Esta era a situação da mulher portuguesa nos finais do século XIX e princípios do século XX, de completa invisibilidade, não tendo qualquer papel na tomada de decisões, quer a nível familiar, social ou político. A mulher era confinada a um papel secundário na esfera privada. Neste sentido escreve Zilia Osório de Castro, “A República apenas contemplava politicamente os homens. As mulheres continuavam a ser, tão só, mulheres, isto é criaturas sem direitos políticos e os civis claramente limitados.”. [5]

Efectivamente, a mulher não tinha quaisquer garantias de protecção e salubridade no trabalho. A lei também não previa licença de parto, nem protecção quer para a mulher quer para a criança no período anterior ou posterior ao parto. E, muitas vezes após um nascimento de um filho, a operária via-se confrontada sem o seu ganha pão, já que era despedida. Junta-se a esta falta de condições e de protecção legal, a precaridade do trabalho, a baixa remuneração, pois embora as mulheres trabalhassem ao lado dos homens, executando as mesmas tarefas, não eram remuneradas da mesma maneira. Neste sentido o Historiador José Mattoso escreve “A pretexto da defesa da mulher e da família, o Código Civil estabelecia, no seio do casal, uma relação de «desigualdade substancial entre os dois sexos» que submetia a mulher ao poder doméstico do marido, a quem garantia a possibilidade de disposição dos bens e da força de trabalho da esposa. A denúncia de todas as discriminações patentes na lei mobilizará os movimentos feministas portugueses, na transição do século XIX para o século XX, os quais, organizando-se em activos grupos de pressão junto dos poderes constituídos, conseguem alcançar, do regime republicano, a eliminação de algumas disposições legais consideradas atentatórias da dignidade feminina”. [6]

Os ventos da Mudança

É com a ligação ao partido republicano, em 1909, que as mulheres começam a ganhar protagonismo. Para este propósito contribuiu a constituição da Liga Republicana das Mulheres Portuguesas, que no art° 1° dos Estatutos que dispunha que, tinha por finalidade orientar nos princípios democráticos, educar e instruir a mulher portuguesa, como mãe de família, esposa, filha e educadora, realçando a importância que a educação poderia ter na formação da mulher e propunha-se rever as leis na parte que interessava à mulher e à criança, defendendo a igualdade de direitos entre ambos os sexos. Nas palavras de Zília Osório de Castro, “O apelo à educação feminina remonta ao século XIX. Em páginas da imprensa feminina era um tema recorrente como indispensável à emancipação da mulher”. [7]

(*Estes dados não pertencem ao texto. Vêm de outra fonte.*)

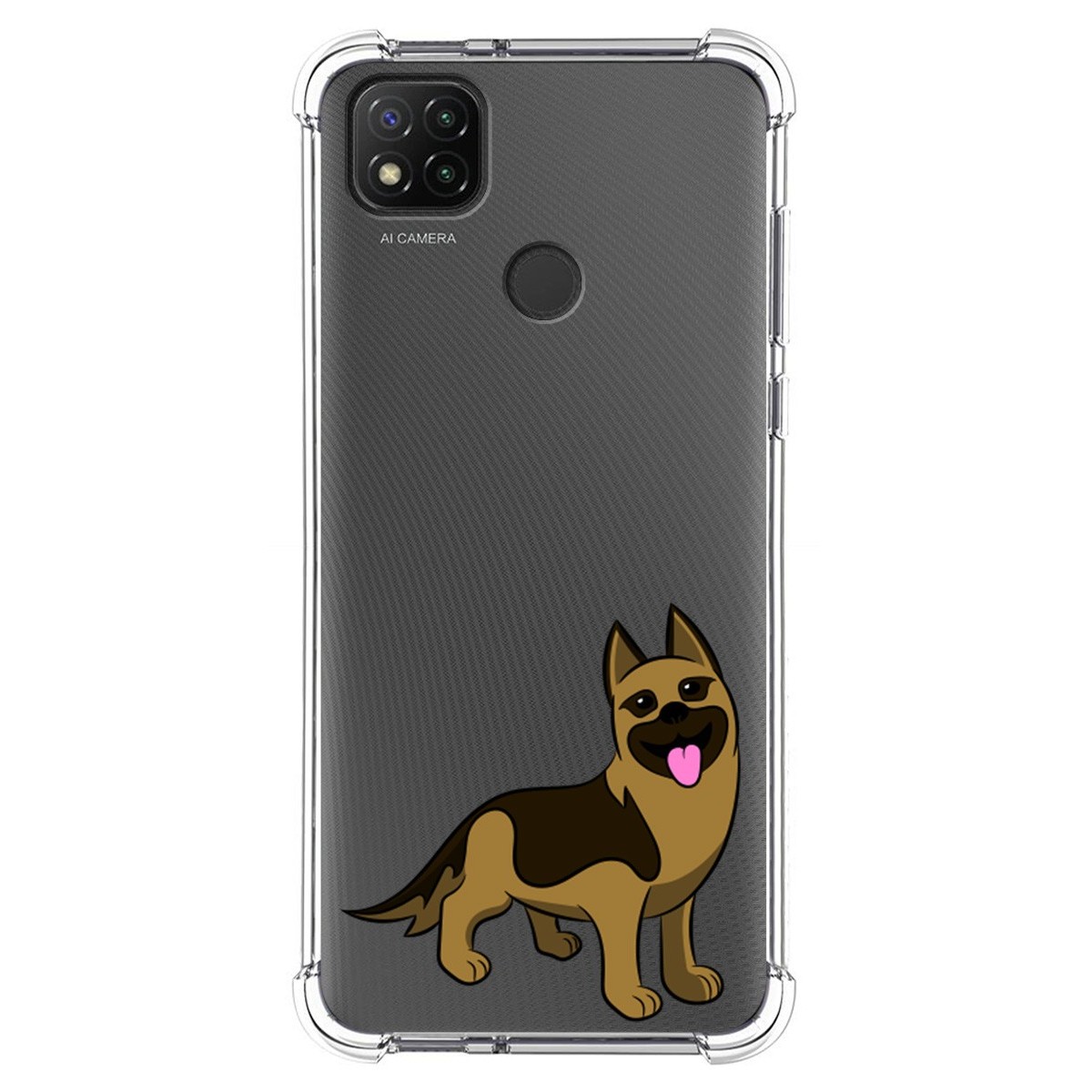 Funda Silicona Antigolpes para Xiaomi Redmi 9C diseño Perros 03 Dibujos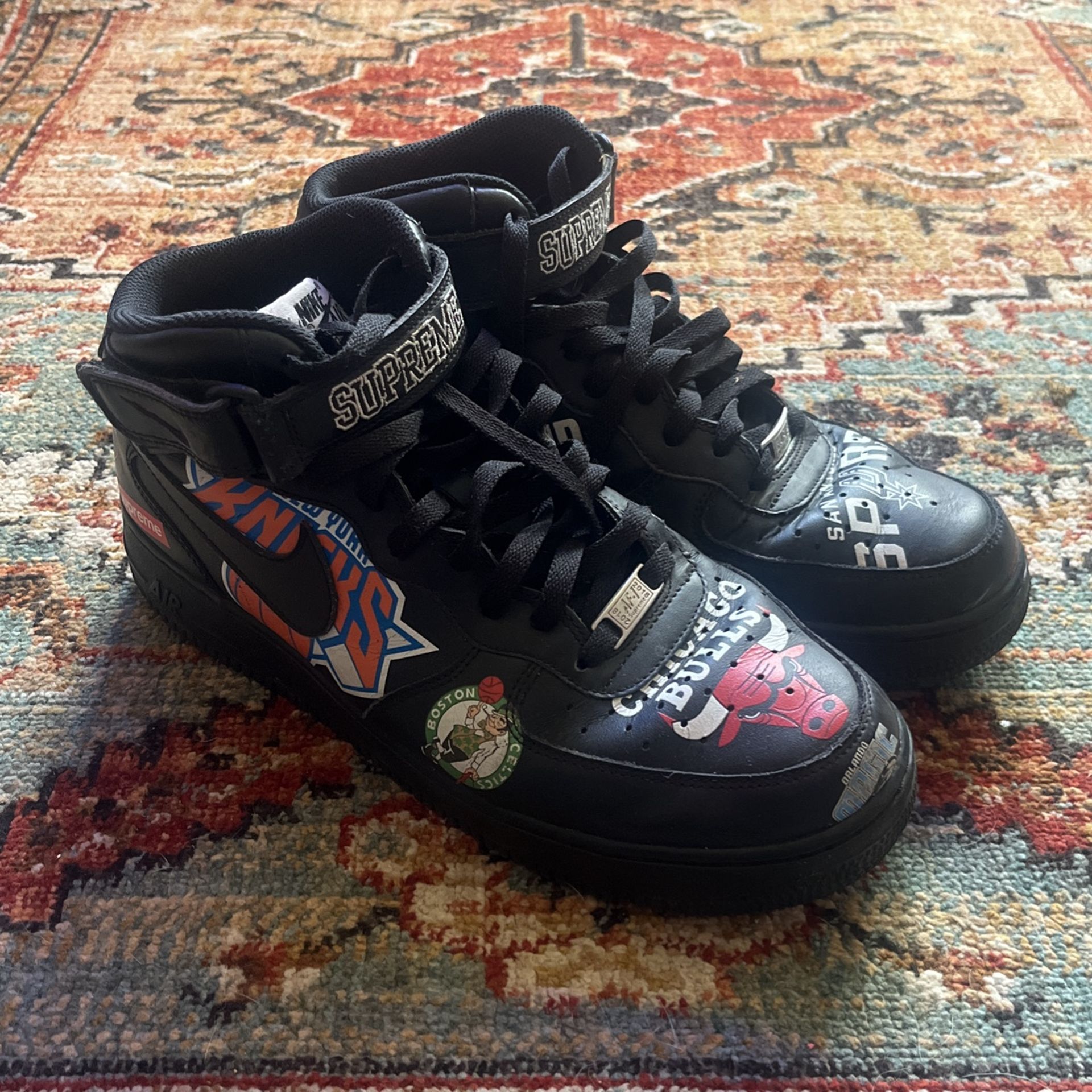 Supreme NBA Air Force 1 Black Size 10.5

Não admira que Ana de Castro Osório, Adelaide Cabete e Carolina Beatriz Ângelo, tenham elegido a educação como tema fulcral das suas reivindicações, uma vez que a realidade portuguesa era assustadora: tendo em atenção os censos de 1900 deparamo-nos com uma população em Portugal Continental de 5.423.132 habitantes, dos quais 2.831.532 são mulheres, mas somente 425.287 sabem ler e escrever, sendo desconhecido o número de mulheres com formação superior.

O partido republicano que apoiava a Liga considerava essencial a educação das mulheres, uma vez que sendo a população feminina pouco esclarecida e muito supersticiosa era facilmente influenciável pelos clérigos.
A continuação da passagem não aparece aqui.